• How to complete this task: Below is a block of records; return all of them exactly, but without the images.

(Caption-style text data)
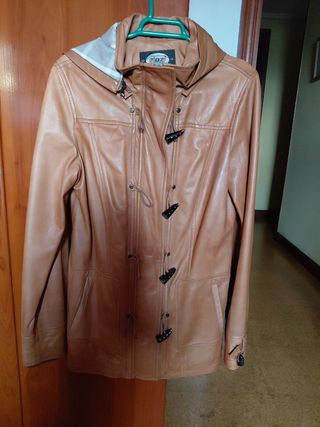 Chaqueta de piel marrón. Pone 44 pero es una M .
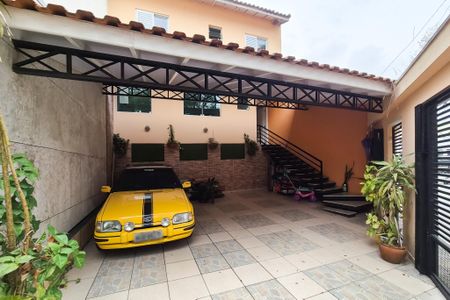 Casa à venda com 180m², 3 quartos e 3 vagasGaragem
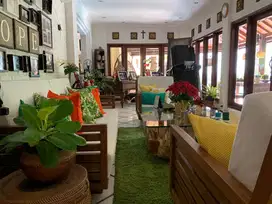 Rumah dalam komplek Eksklusif dengan Swimming Pool Bintaro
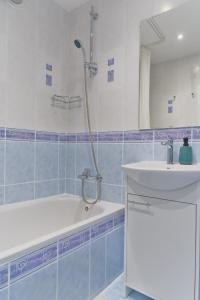 Mieszkanie do wynajęcia w centrum Kraśnika في كراسنيك: حمام مع حوض استحمام ومغسلة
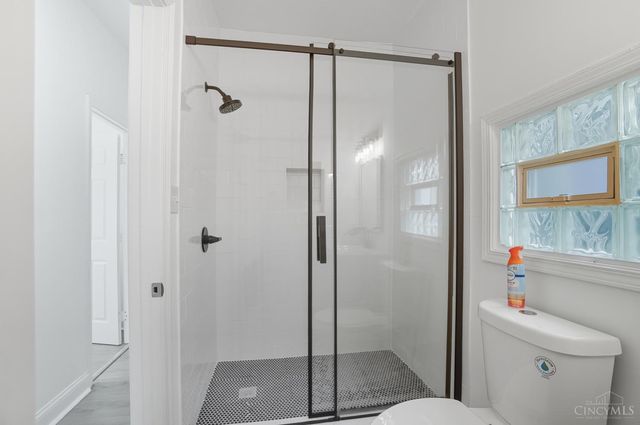 1820 Hewitt Ave, Cincinnati, OH 45207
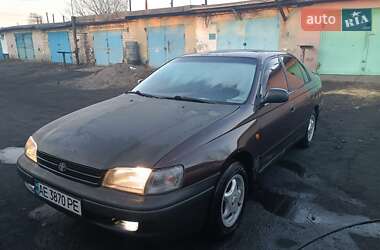 Седан Toyota Carina E 1993 в Першотравенске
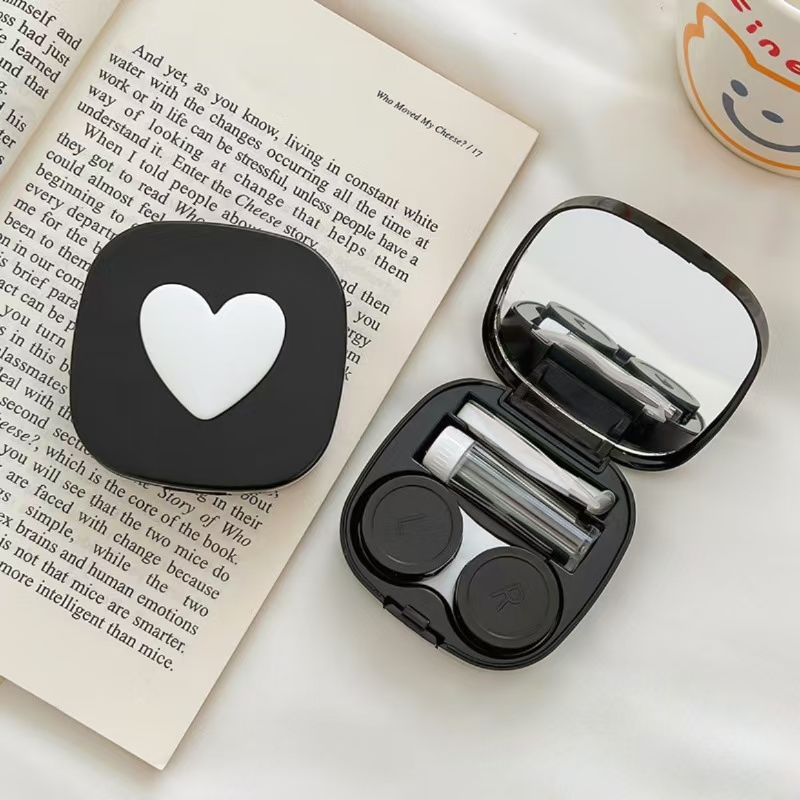حافظة عدسات لاصقة على شكل قلب  - مراجعة Travel Accessories Comfort وسعره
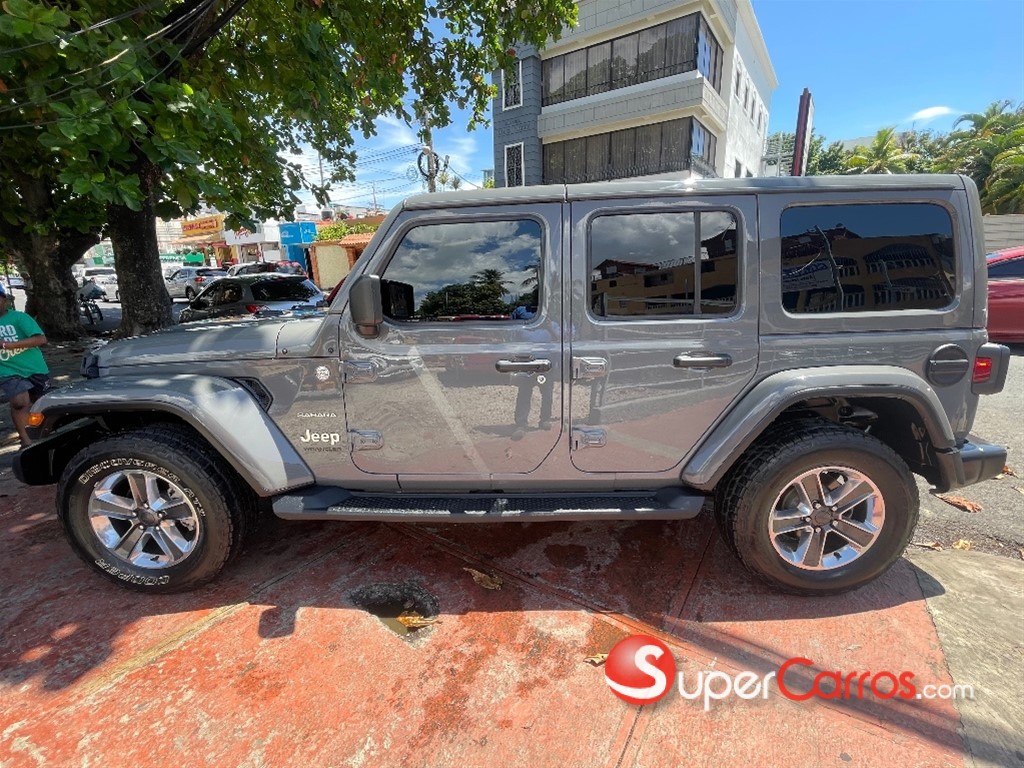 2022 Jeep Wrangler Sahara — foto 4 / 12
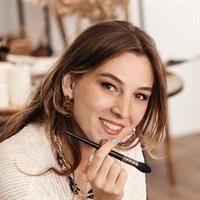 Фотография репетитора Шаронова Александра Андреевна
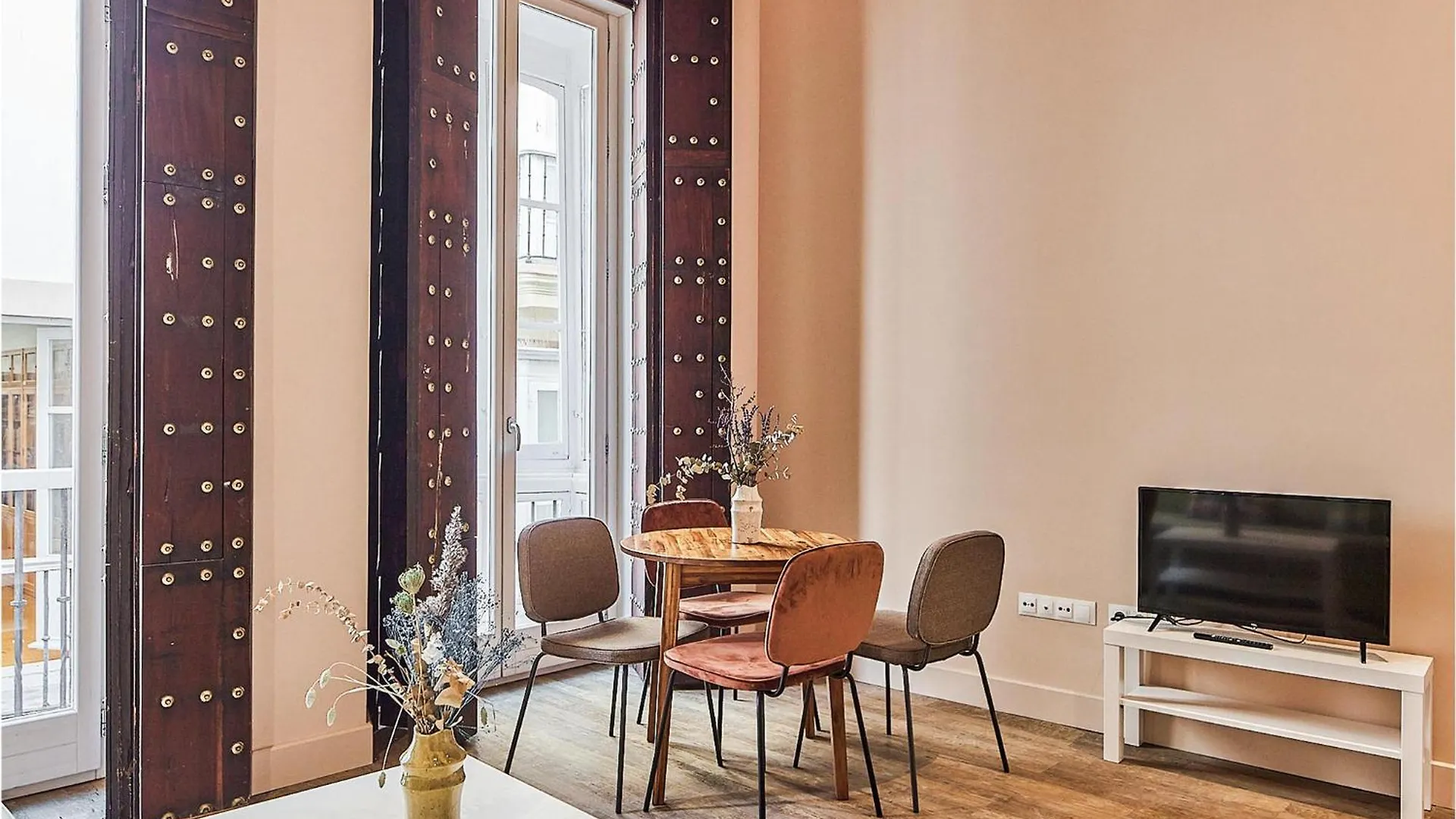Awesome Apartment In Cdiz With Kitchen Cadiz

• Answer to this exercise:
 Chaqueta de piel marrón. Pone 44 pero es una M .
 Casa à venda com 180m², 3 quartos e 3 vagasGaragem
 Rumah dalam komplek Eksklusif dengan Swimming Pool Bintaro
 Mieszkanie do wynajęcia w centrum Kraśnika في كراسنيك: حمام مع حوض استحمام ومغسلة
 1820 Hewitt Ave, Cincinnati, OH 45207
 Седан Toyota Carina E 1993 в Першотравенске
حافظة عدسات لاصقة على شكل قلب  - مراجعة Travel Accessories Comfort وسعره
 2022 Jeep Wrangler Sahara — foto 4 / 12
 Фотография репетитора Шаронова Александра Андреевна
Awesome Apartment In Cdiz With Kitchen Cadiz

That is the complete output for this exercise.